Patrick Cohen ne partage pas l'optimisme de Nathalie. L'accablement l'accable. Il fallait le voir, l'autre soir, sur son plateau de France 5. "Il y a même des sites de presse qui publient des articles, "Je ne suis pas Charlie". Même si, par pudeur, mon copain Patrick n'a pas prononcé le nom de ce site, je vous le dévoile : vous le tenez entre les mains, comme on dirait si on était un journal. C'est ici. C'est nous. Et l'article incriminé, c'est celui-ci, titré exactement "Je ne suis pas Charlie, et croyez-moi, je suis aussi triste que vous". Ce n'est d'ailleurs pas précisément un article. C'est une contribution d'abonné, que nous avons transformée en article, dans la rubrique "dans les forums" (la page a été vue plus de 400 000 fois, record absolu depuis la création du site). C'est subtil, Internet. Mais je comprends que Patrick ne s'arrête pas à ces détails.Comme il y a les invités que Patrick n'a pas envie d'entendre, il y a les textes qu'il n'a pas envie de lire.

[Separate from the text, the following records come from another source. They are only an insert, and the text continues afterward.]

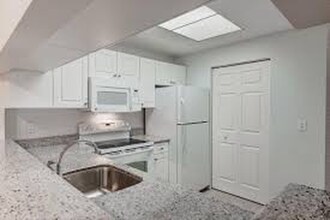 2808 Amalei Dr-Unit -107 in Palm Beach Gardens, FL - Building Photo - Building Photo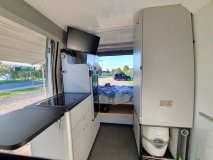                         Kampervan zbudowany na bazie Peugeota Boxera - zdjęcie 12
                        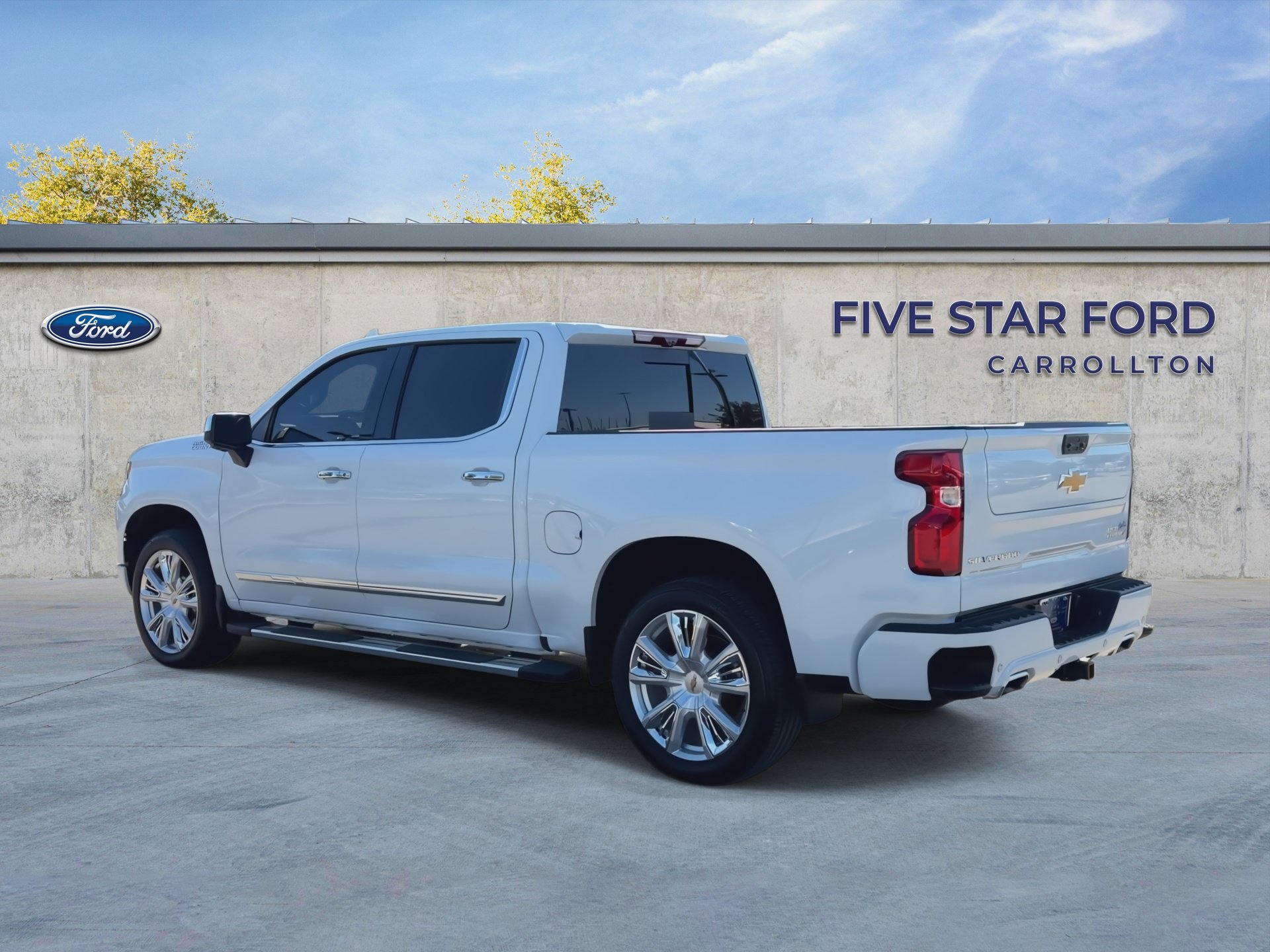 Used 2026 Chevrolet Silverado 1500 High Country w/ High Country Premium Package AWD/4WD image 6
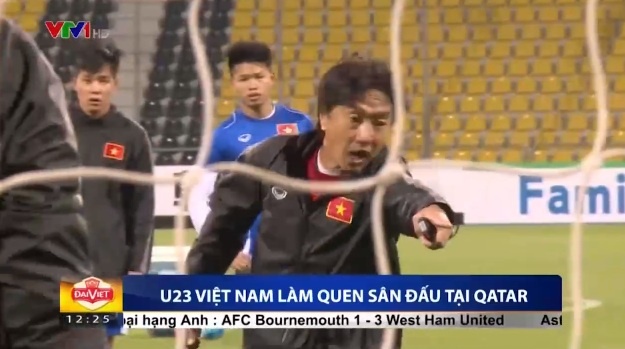 HLV Miura gay gat trong buoi tap cua U23 Viet Nam hinh anh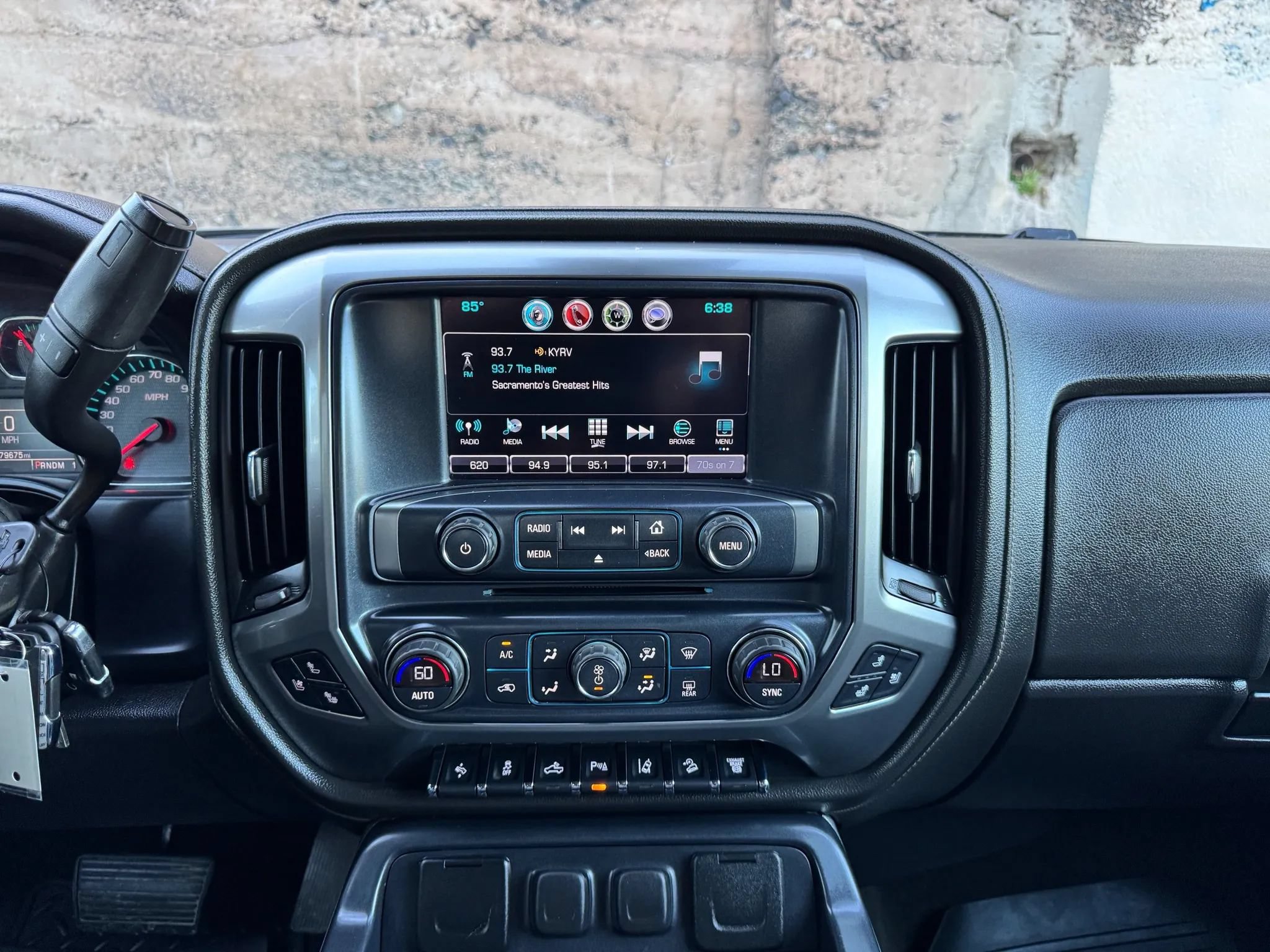 Used 2016 Chevrolet Silverado 2500 LTZ w/ Duramax Plus Package AWD/4WD image 27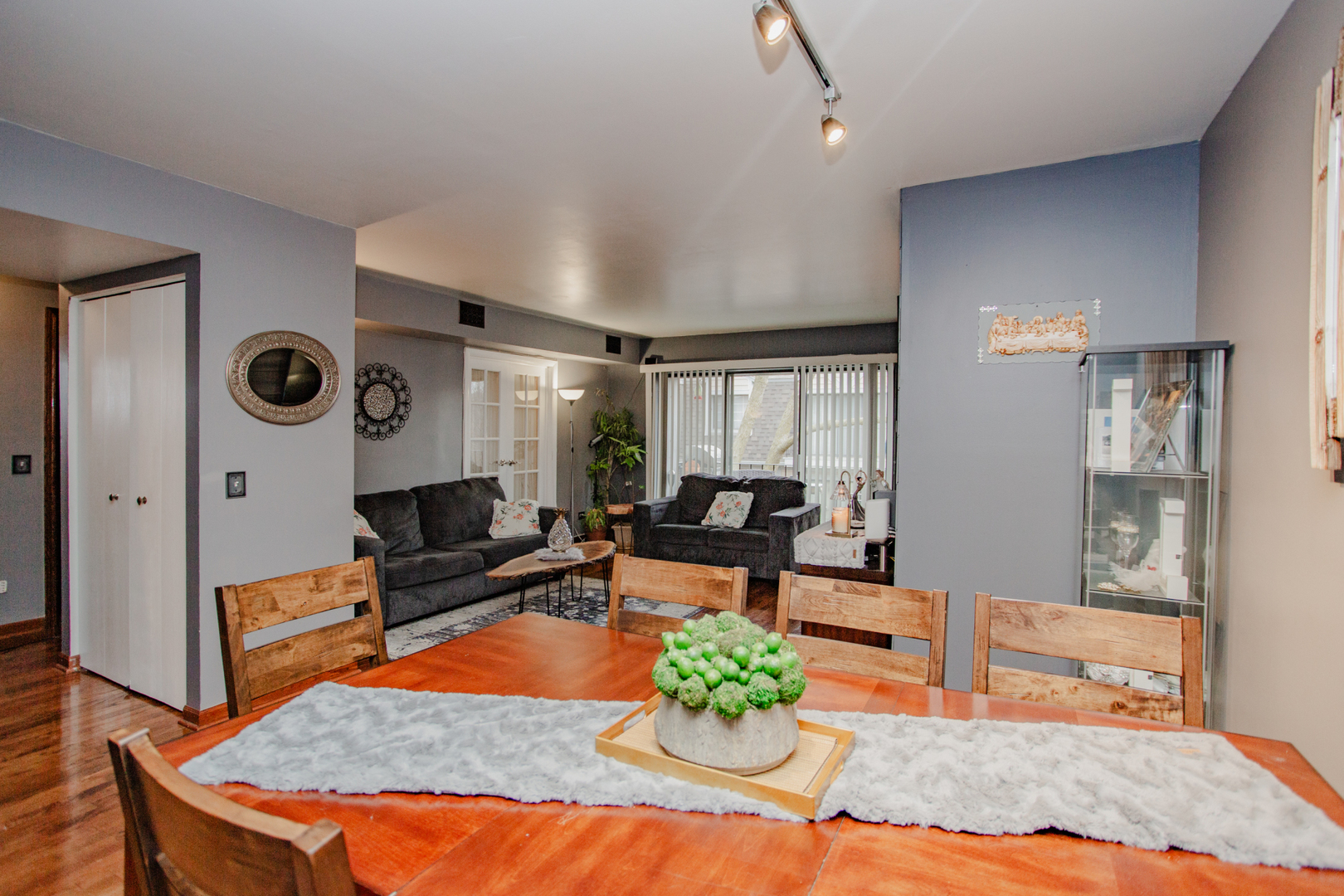 3256 Sanders Road, Unit 4F Northbrook, IL 60062 - Photo 4 of 17 Gallery Image 4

Bref, je ne sais pas ce qu'ils se disent, à France Inter, qu'il faudrait tout de même aller disséquer les cerveaux malades des "Je ne suis pas Charlie", toujours est-il que l'autre jour, une journaliste de la radio m'appelle. Elle prépare une enquête sur les "Je ne suis pas Charlie". Le ton est neutre. Mais dans sa voix, j'entends comme le cliquetis des pinces de dissection. Avant tout, rester professionnelle. Ne pas trembler, même si elle semble encore un peu paumée dans le Noncharliestan. Elle voudrait entrer en contact avec notre abonné, auteur de ce texte. Je lui explique que l'abonné, lui, ne le souhaite pas. Qu'à celà ne tienne : je n'ai qu'à prendre sa place, après tout. J'objecte que je ne pense pas la même chose que cet abonné. Personnellement, depuis le 7 janvier, je suis résolument, totalement, Charlie, à fond les manettes, comme elle, et peut-être même encore davantage, même si pendant la période Val, c'était plus compliqué. Qu'importe. Faute de cerveau franchement malade, elle veut bien se contenter d'un patient au diagnostic incertain. Donc je lui redis ce que j'écrivais la semaine dernière. Et c'est diffusé avant-hier matin, avec une taquinerie sur l'ami Val, et agrémenté évidemment d'un petit commentaire de Cohen, que je vous laisse écouter. Des fois que des amis auditeurs prendraient mes blagues au pied de la lettre. Pas grave, Patrick. Tout est pardonné.